#### [PROVIDED DATA]

______________________________

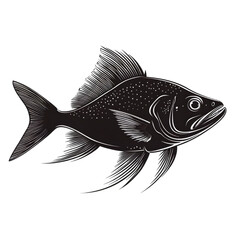 Fototapeta premium Halibut black silhouette isolated on a transparent background
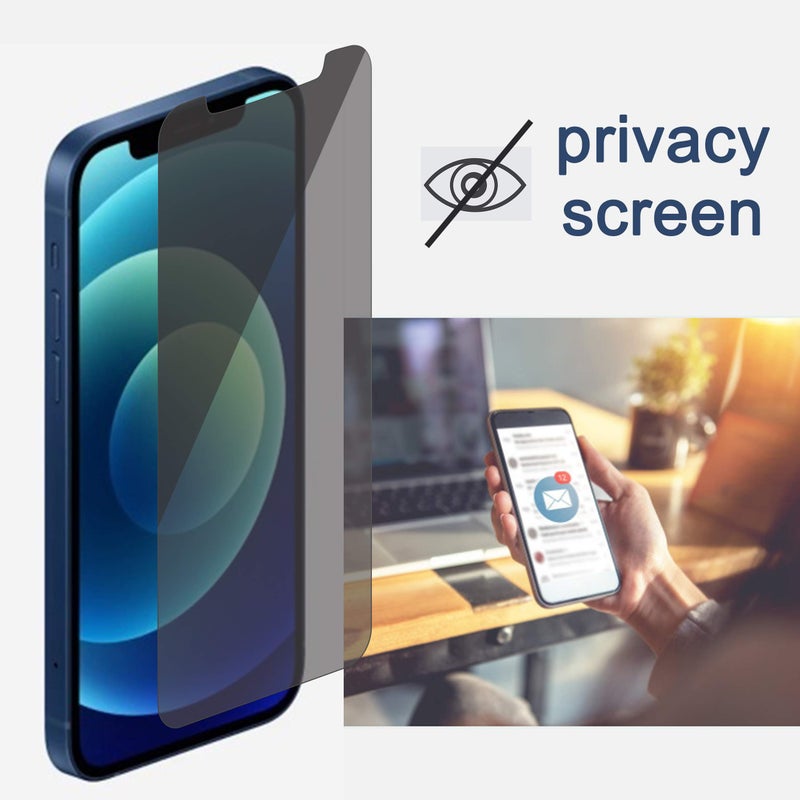 Ailun 2Pack Privacy Screen Protector for iPhone 12 [6.1 inch] + 2 Pack Camera Lens Protector, Anti Spy Private Tempered Glass Film,[9H Hardness] - HD - Image 2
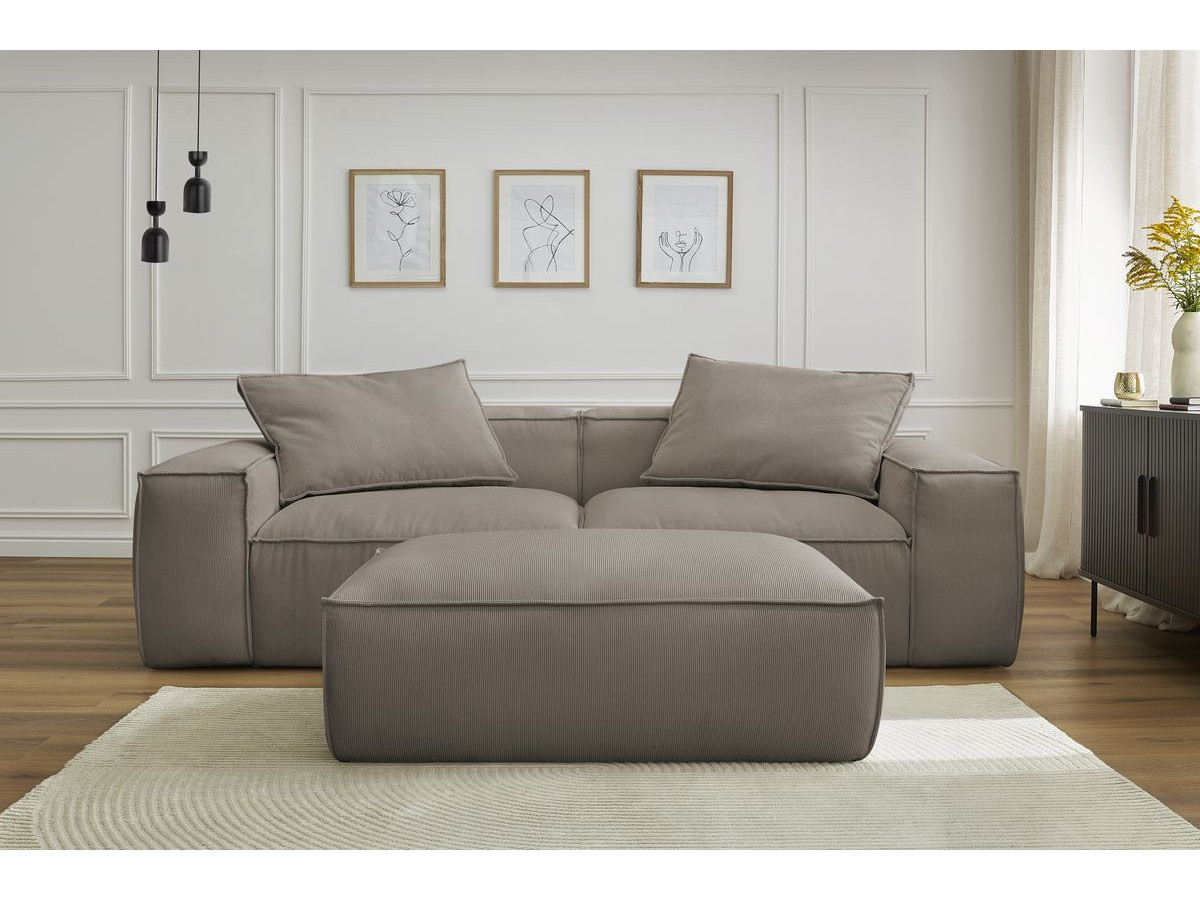Canapé droit 3 places ultra moelleux BOHEME velours côtelé avec pouf taupe — vue 6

______________________________

#### [WORK TO COMPLETE]
Skipping any images, write out all the data exactly.

#### [SOLUTION TO THIS PROBLEM]
 Fototapeta premium Halibut black silhouette isolated on a transparent background
 Ailun 2Pack Privacy Screen Protector for iPhone 12 [6.1 inch] + 2 Pack Camera Lens Protector, Anti Spy Private Tempered Glass Film,[9H Hardness] - HD - Image 2
Canapé droit 3 places ultra moelleux BOHEME velours côtelé avec pouf taupe — vue 6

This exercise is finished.